Along the bank of the Columbia River in south-central Washington, an expanse of windswept desert plateau teems with wildlife, despite being designated as the “most contaminated site in the Western Hemisphere.” At Hanford, where Native Americans fished and lived off the land for eons, the U.S. government created the most powerful, dangerous materials humankind has ever known, and the largest environmental disaster the country has ever confronted.

All that’s taken place at Hanford, birthplace of the world’s first full-scale nuclear reactor, has indisputably changed the course of humanity.

Robert Franklin.

“There is a world before atomic weapons and a world after atomic weapons, and we live in that world, and the B Reactor is the point where that shift happened,” says Robert Franklin, a history professor at Washington State University’s Tri-Cities campus. Franklin is also the assistant director of the Hanford History Project and president of the nonprofit B Reactor Museum Association.
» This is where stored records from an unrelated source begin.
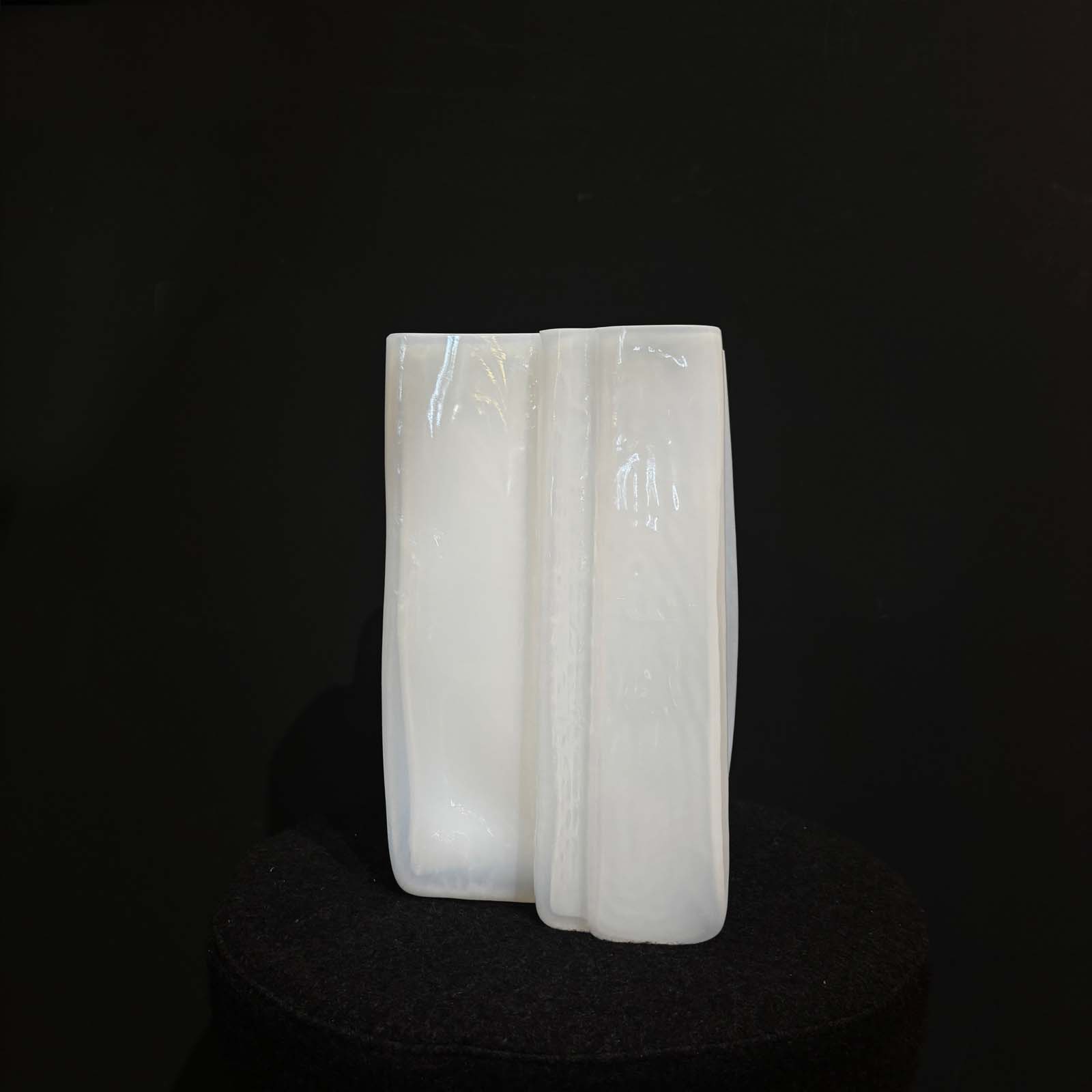 Hana Hillerova - Remix vessel M white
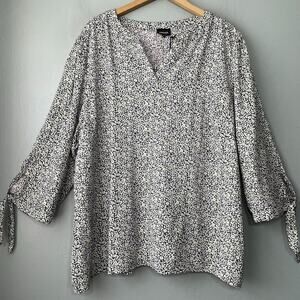 Jones & Co Plus Size 2X Ditzy Mini Floral Popover Top Cottagecore Preppy Chic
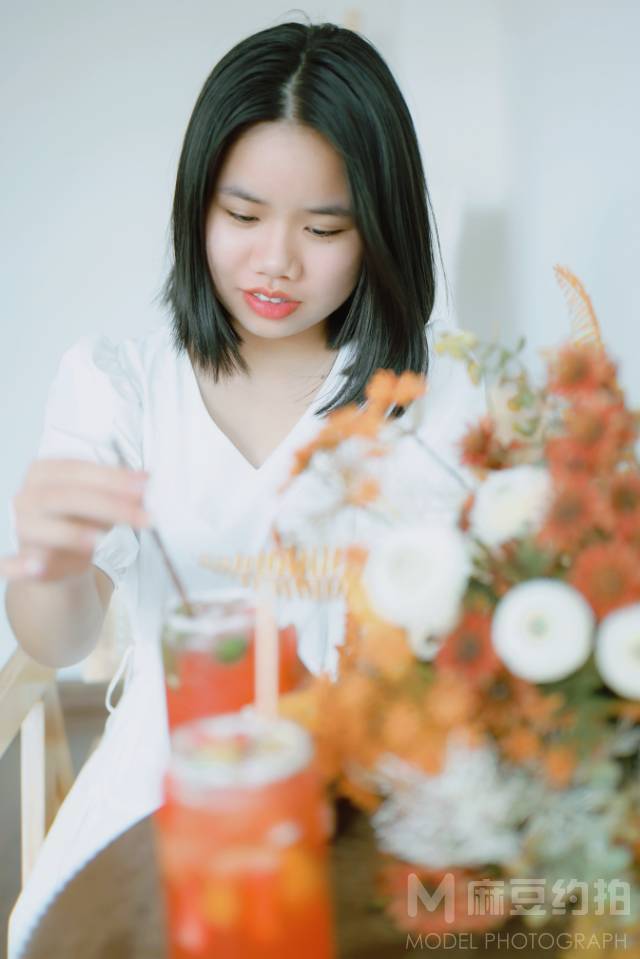 情绪模特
By reflecting upon the entirety of Hanford’s history, Franklin hopes current and future generations can learn from its far-reaching impacts. To start, those interested can visit Hanford itself, where tours of the decommissioned B Reactor offer an up-close look at how the Atomic Age was born. Also, a new exhibit by the Spokane County Library District — on display next month, alongside a series of local events — will explore the complex history and legacy of Hanford.

“However [people] think they might feel about it, come and see the place and give yourself time to reflect both on the achievement it was to build that on such a short time, and to understand the nature of the country in 1942, ’43,” Franklin says. “And to reflect on the scale of loss that it created and to reflect on a world that was forever changed.